## TASK DETAILS:
Can you transcribe the data exactly? Leave the pictures out.

(DATA SUPPLIED)

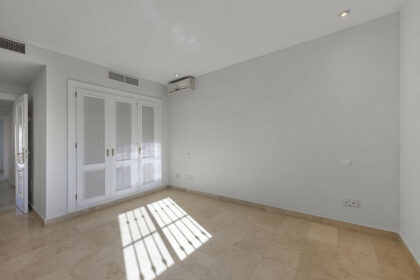 277a727a87cfcda276a0d35ad7ec91b4 - 21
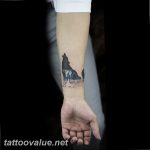 photo tattoo howling wolf 18.02.2019 №184 - wolf tattoo idea howling at moon - tattoovalue.net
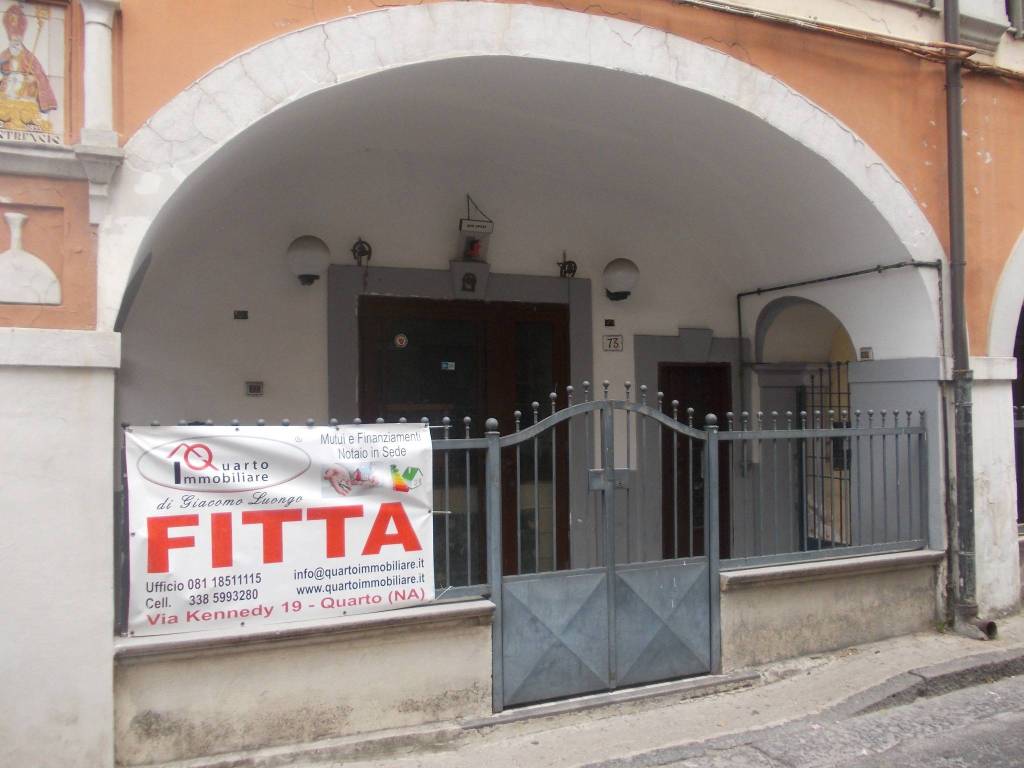 negozio in affitto a Quarto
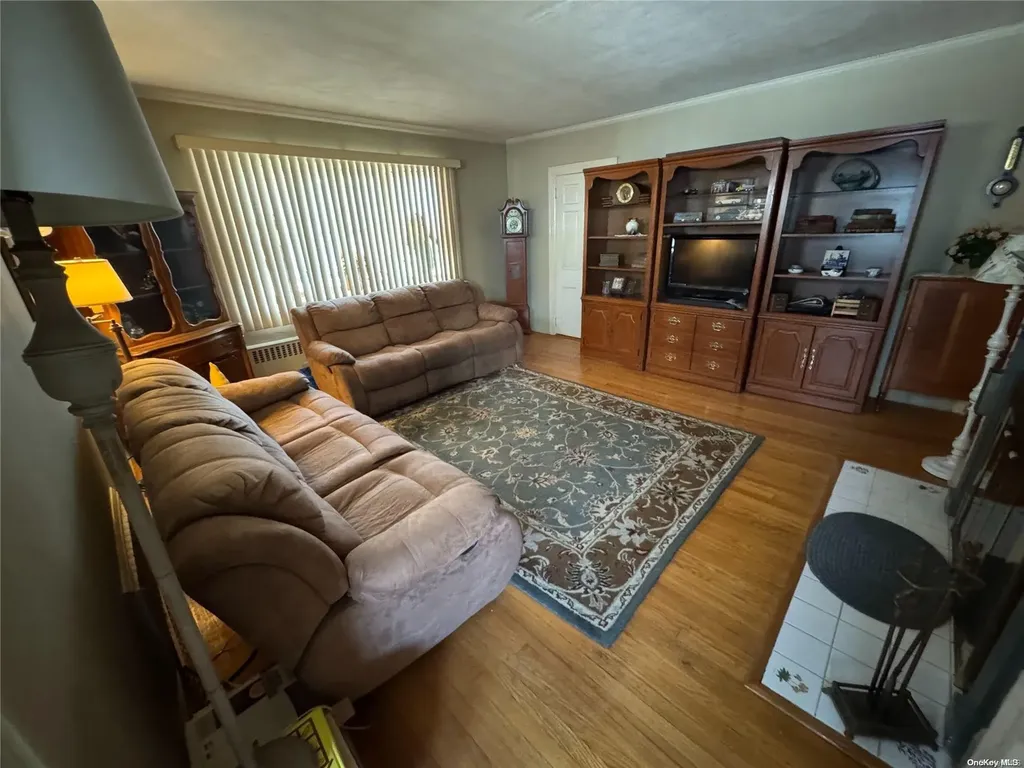 2854 Beverly Road Oceanside NY 11572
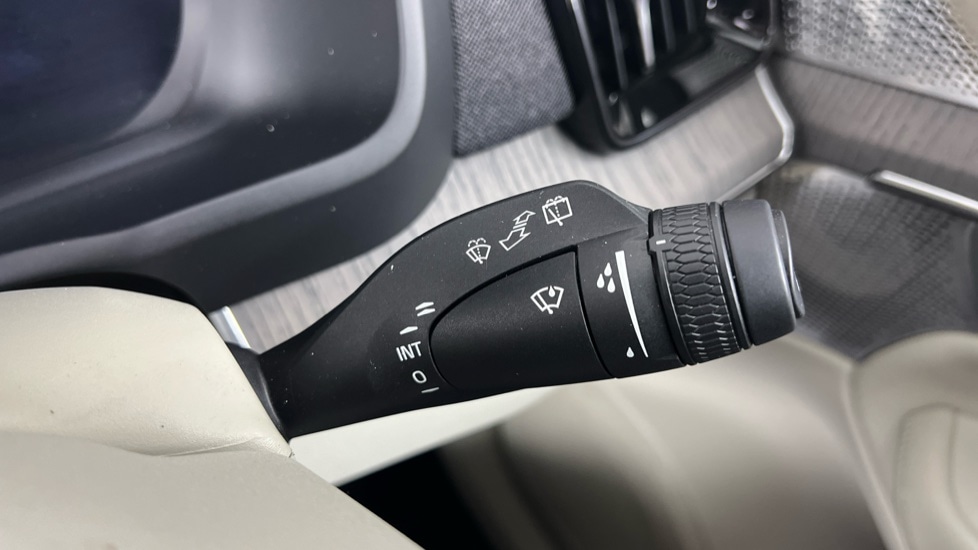 Used Volvo XC90 2025 for sale - 77978992: Photo 22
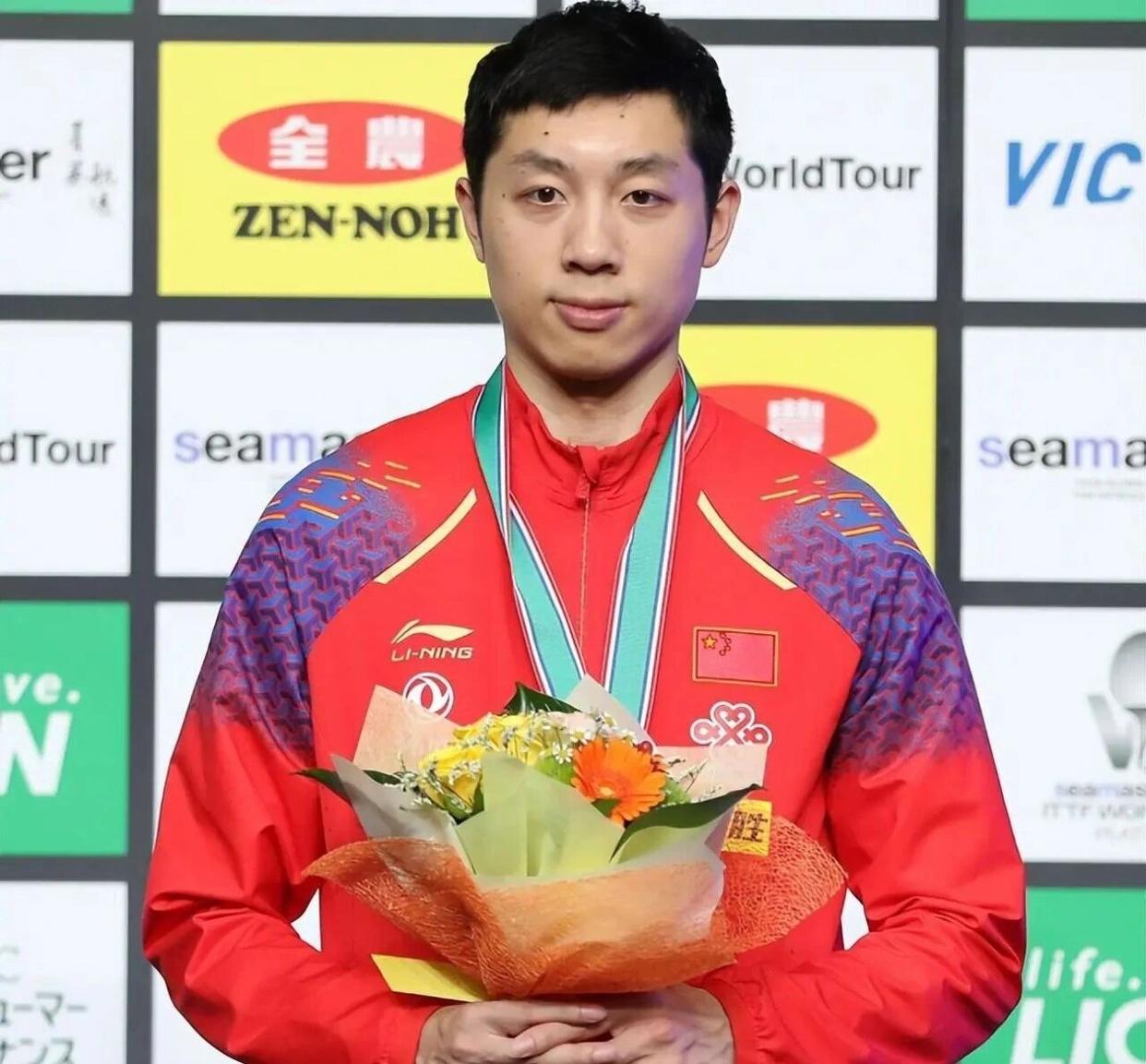 韩国队横扫瑞典队，许昕高光表现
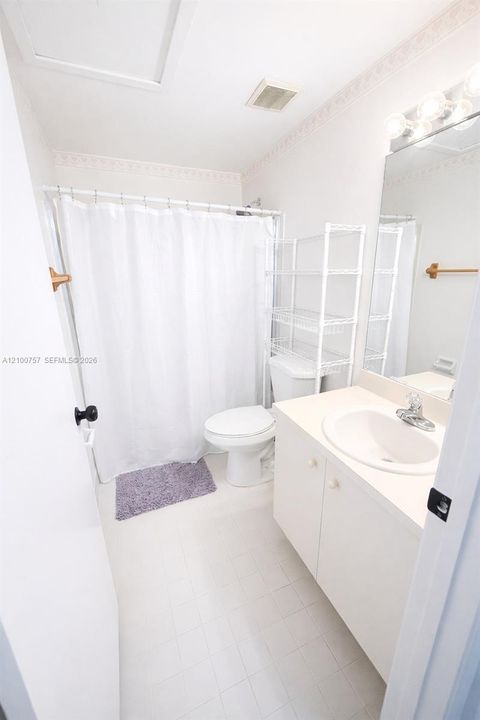 На продажу: $369,000 (2 спален, 2 ванн, 1328 Квадратных фут)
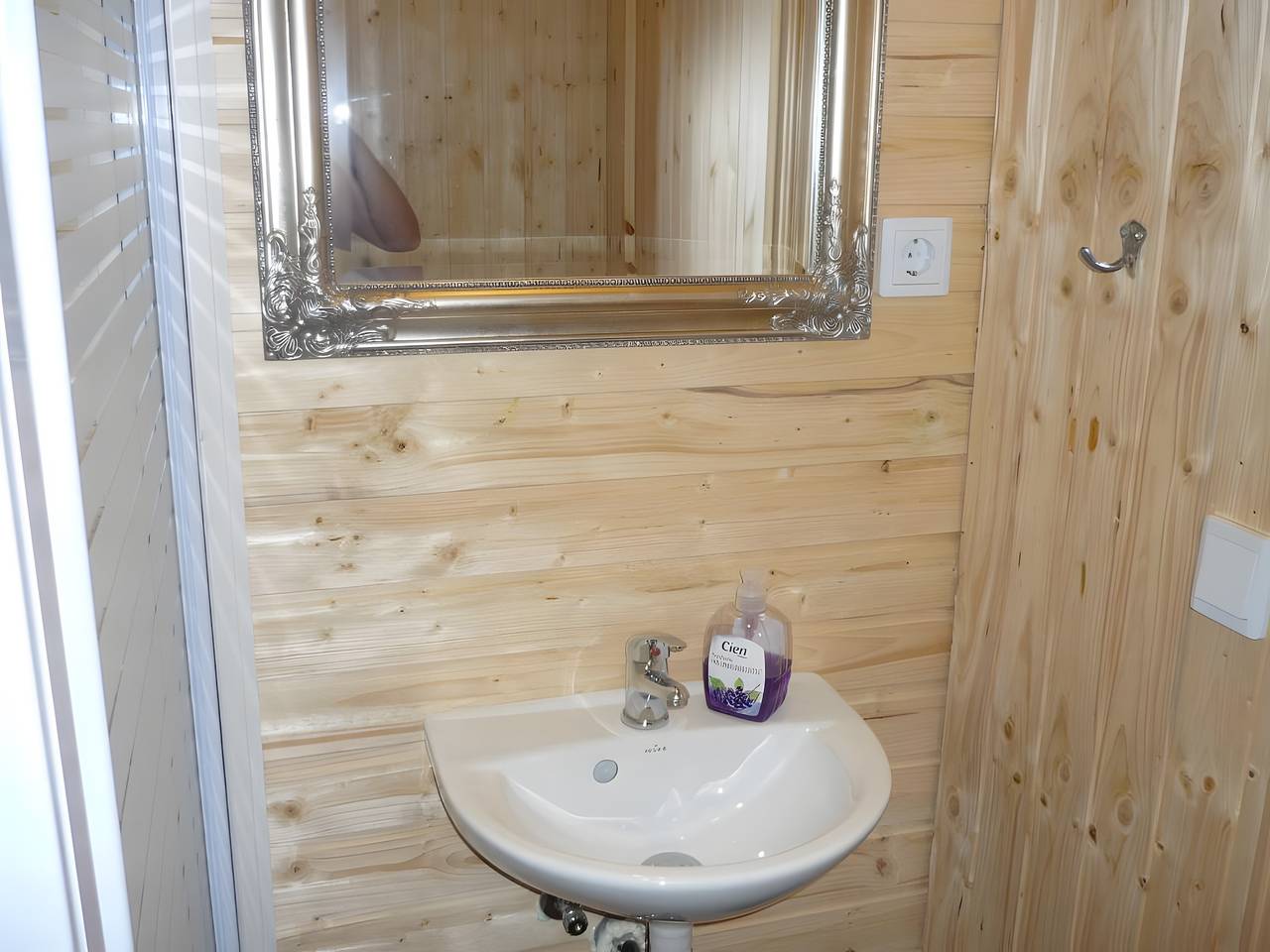 Ganze Ferienwohnung, Tiny Home 'Am See' mit gemeinsamer Terrasse, gemeinsamem Garten und Wlan in Europa-Park, Rust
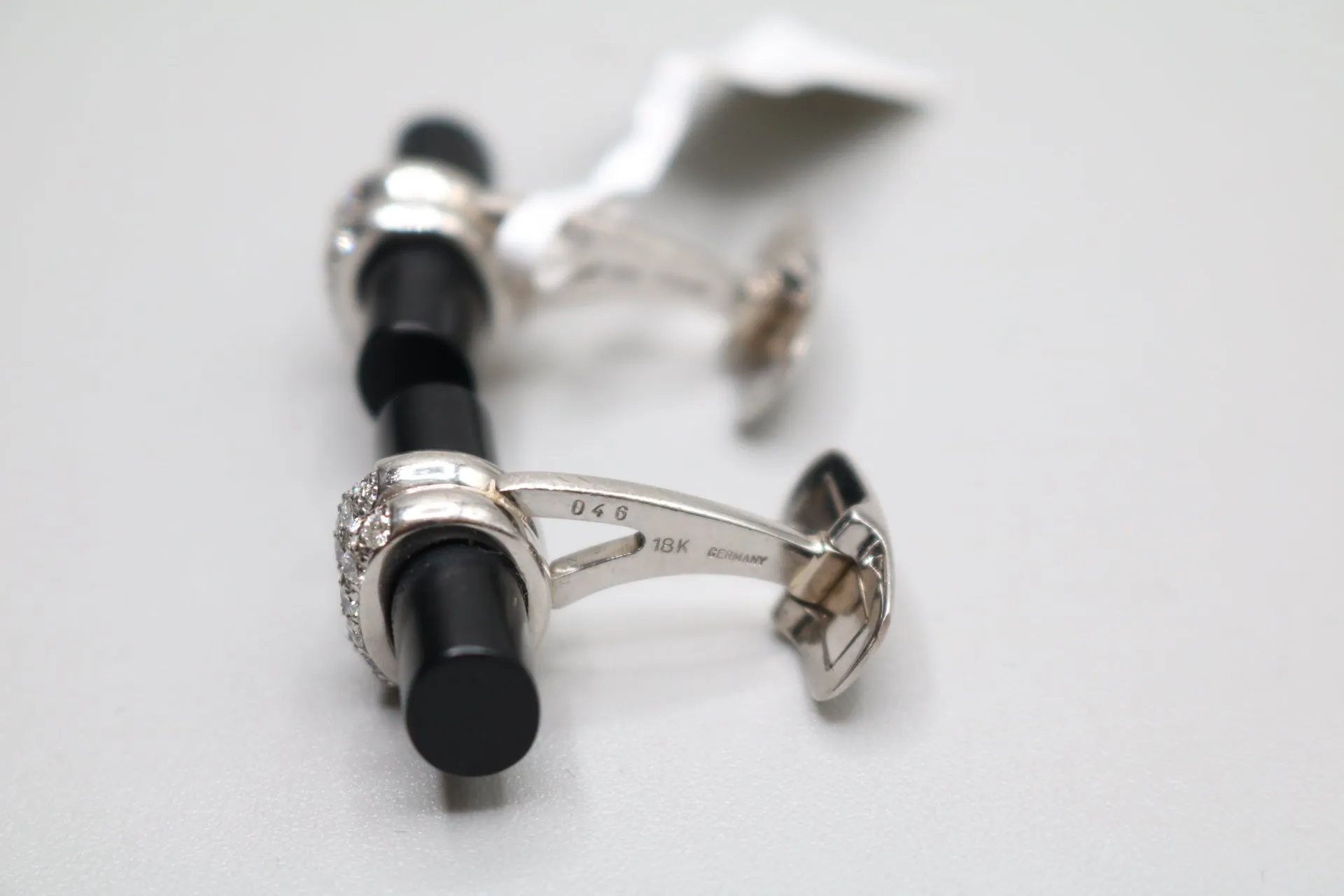 18K White Gold Diamond and Onyx Cufflinks (0.92 CTW) (Local Pick-up Only)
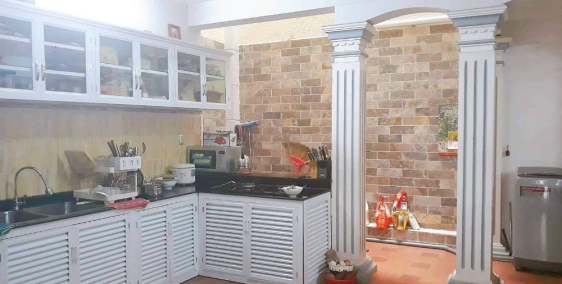 Bán nhà hẻm xe hơi Hoàng Hoa Thám, diện tích 4x15m, 3 lầu, ở ngay.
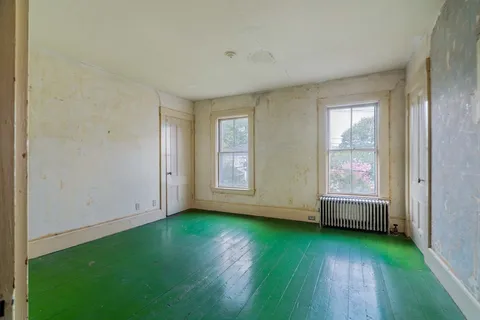 $579,900 | 5 Washington Street, Stoneham, MA 02180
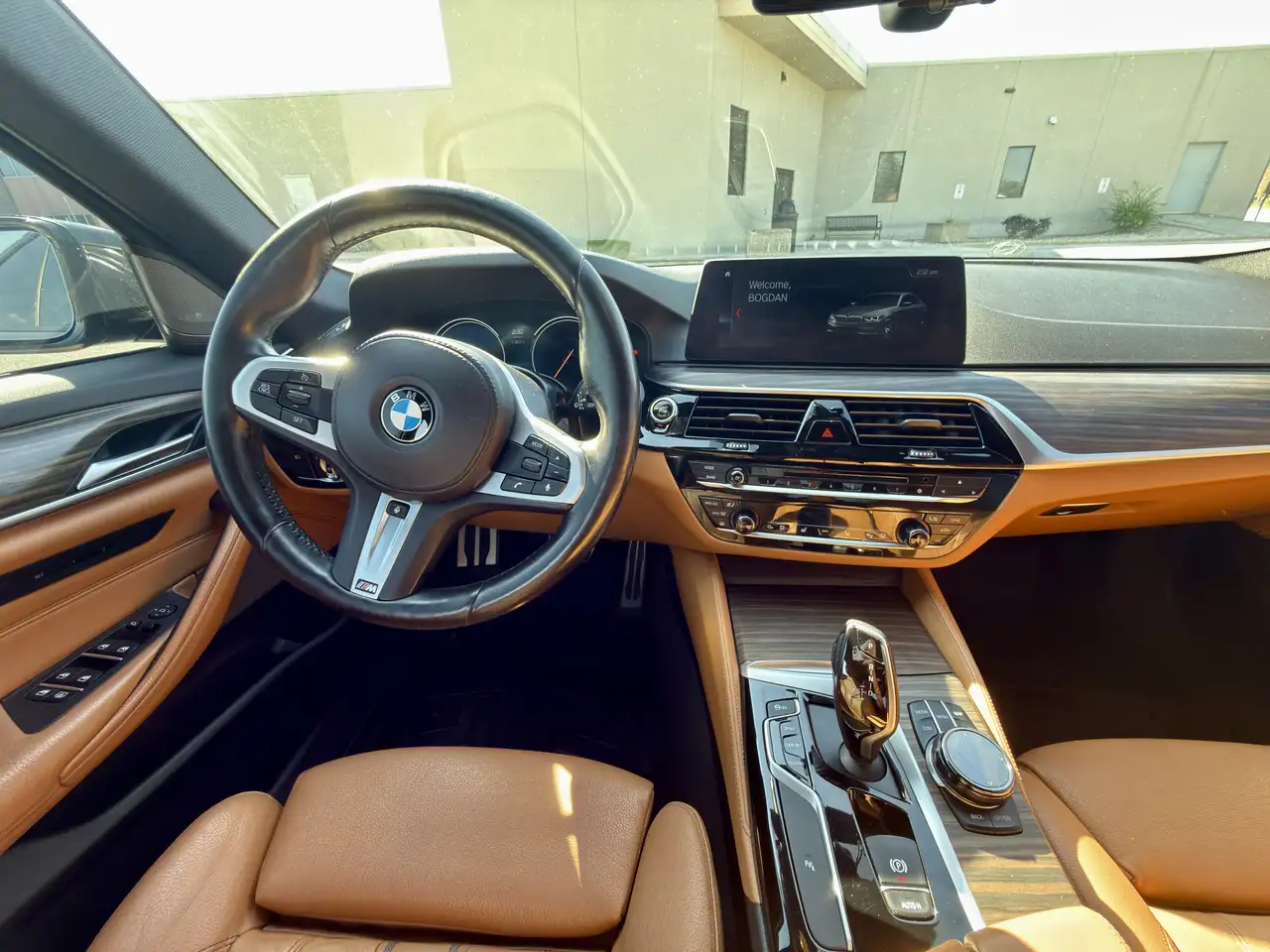 BMW 5 Series photo BMW 5 Series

(End DATA SUPPLIED)

## SOLUTION TO THIS TASK:
 277a727a87cfcda276a0d35ad7ec91b4 - 21
 photo tattoo howling wolf 18.02.2019 №184 - wolf tattoo idea howling at moon - tattoovalue.net
 negozio in affitto a Quarto
 2854 Beverly Road Oceanside NY 11572
 Used Volvo XC90 2025 for sale - 77978992: Photo 22
 韩国队横扫瑞典队，许昕高光表现
 На продажу: $369,000 (2 спален, 2 ванн, 1328 Квадратных фут)
 Ganze Ferienwohnung, Tiny Home 'Am See' mit gemeinsamer Terrasse, gemeinsamem Garten und Wlan in Europa-Park, Rust
 18K White Gold Diamond and Onyx Cufflinks (0.92 CTW) (Local Pick-up Only)
 Bán nhà hẻm xe hơi Hoàng Hoa Thám, diện tích 4x15m, 3 lầu, ở ngay.
 $579,900 | 5 Washington Street, Stoneham, MA 02180
 BMW 5 Series photo BMW 5 Series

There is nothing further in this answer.